18. SUBORDINATION OF LEASE
The rights of Tenant under this Lease shall be and are subject and subordinate at all times to all ground leases, and/or underlying leases, if any, now or hereafter in force against the Premises, and to the lien of any mortgage or mortgages now or hereafter in force against such leases and/or the Premises, and to all advances made or hereafter to be made upon the security thereof, and to all renewals, modifications, consolidations and replacements thereof. This Section 18 is self-operative and no further instrument of subordination is required. In confirmation of such subordination, however, Tenant shall promptly execute such further instruments as may be reasonably requested by Landlord, provided that no such document increases, in any material respect, Tenant’s monetary obligations or liability under the Lease or decreases, in any material respect, Tenant’s rights under the Lease. Tenant, at the option of any mortgagee, agrees to attorn to such mortgagee in the event of a foreclosure sale or deed in lieu thereof.

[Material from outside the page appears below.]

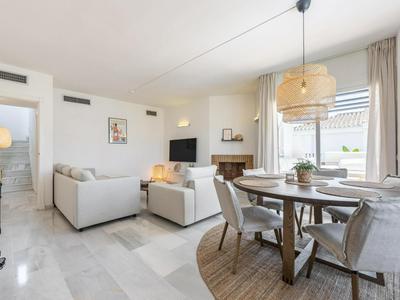 Los Naranjos Beautiful 1 Bedroom penthouse
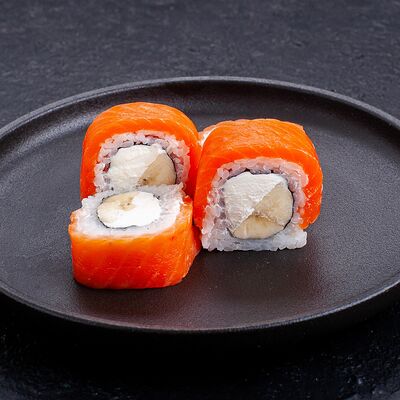 Филадельфия с бананом в Sushi simple по цене 450 ₽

19. ENVIRONMENTAL RESPONSIBILITIES
(a) Indemnification. To the extent that any violation of applicable Environmental Law (as hereinafter defined) or the environmental condition requiring remediation under such law arose out of Tenant’s use of or operation at the Premises occurring after the Commencement Date, Tenant shall indemnify, defend and hold Landlord, its affiliates, and, if applicable, their respective directors, officers, shareholders, partners, attorneys, accountants, agents and employees and their heirs, successors and assigns harmless from and against any claims, losses, liabilities, charges, actions, suits, proceedings, deficiencies, taxes, interest, penalties and reasonable costs and expenses (including, without limitation, reasonable attorneys’ fees, removal costs, remediation costs, closure costs, fines, penalties and expenses of investigations and ongoing remediation) arising from (i) any violation or alleged violation of applicable Environmental Law, including, without limitation, any operations, actions or omissions by Tenant which would cause the Building or the site in which the Building or the Premises is located as a whole (or any part thereof) to be out of compliance with any such Environmental Law, or (ii) any requirement to remediate under applicable Environmental Law (arising during the Lease Term or thereafter) any environmental condition to the extent arising out of Tenant’s use of or operations at the Premises imposed or required by either a governmental authority having appropriate jurisdiction thereof, including without limitation those requirements imposed under CERCLA or by a third party.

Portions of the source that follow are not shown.